Furunculosis. Furunculosis rekuren kronis - Penyebab, gejala dan pengobatan. MF.
Saat ini ada kecenderungan peningkatan penyakit bakteri dan virus kronis, yang ditandai dengan terus kambuh saja dan sedikit efektivitas terapi antibiotik dan gejala. Salah satu penyakit ini adalah furunculosis rekuren kronis. Furuncle berkembang sebagai akibat peradangan nekrotik akut purulen pada folikel rambut dan jaringan sekitarnya. Sebagai aturan, furuncle adalah komplikasi osteophiliculitis staphylococcal. Furuncles dapat terjadi baik sendiri atau berkembang biak( yang disebut furunculosis).
Jika terjadi kekambuhan furunculosis, furunculosis rekuren kronis didiagnosis. Sebagai aturan, ditandai oleh seringnya kambuh, eksaserbasi yang lama dan lamban, toleran terhadap terapi antibiotik yang sedang berlangsung. Bergantung pada jumlah bisul, prevalensi dan tingkat keparahan proses inflamasi dengan furunculosis diklasifikasikan berdasarkan tingkat keparahannya.

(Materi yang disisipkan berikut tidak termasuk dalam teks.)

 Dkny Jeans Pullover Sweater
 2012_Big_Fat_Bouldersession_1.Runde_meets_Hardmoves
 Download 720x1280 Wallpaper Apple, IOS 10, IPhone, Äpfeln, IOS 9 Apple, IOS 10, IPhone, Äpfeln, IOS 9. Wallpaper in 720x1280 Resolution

berat bisul: disebarluaskan, beberapa, kantong-kantong kecil terus berulang dari respon inflamasi lokal yang lemah, tidak ada teraba atau sedikit menentukan kelenjar getah bening regional.furunculosis berat disertai dengan gejala keracunan: kelemahan, sakit kepala, penurunan efisiensi, peningkatan suhu tubuh, berkeringat.keparahan rata
furunkuleza- satu atau beberapa besar bisul yang terjadi dengan reaksi inflamasi kekerasan, kambuh dari 1 sampai 3 kali setahun. Terkadang disertai dengan peningkatan kelenjar getah bening regional, limfangitis, peningkatan suhu tubuh dan tanda-tanda keracunan kecil.tunggal furunkuleza-
ringan bisul, disertai dengan reaksi inflamasi moderat, dengan kambuh dari 1 sampai 2 kali per tahun, kelenjar getah bening regional juga teraba, tanpa fenomena keracunan.
Paling sering pasien yang menderita bisul, menerima pengobatan untuk dokter bedah, dalam kasus terbaik pada tahap rawat jalan mereka melakukan penelitian gula darah, autohemoterapi, beberapa obat diangkat dan imunomodulator tanpa survei sebelumnya, dan dalam kebanyakan kasus mereka tidak mendapatkan hasil positif dari terapi. Tujuan artikel kami adalah untuk berbagi pengalaman mengelola pasien dengan furunculosis kronis.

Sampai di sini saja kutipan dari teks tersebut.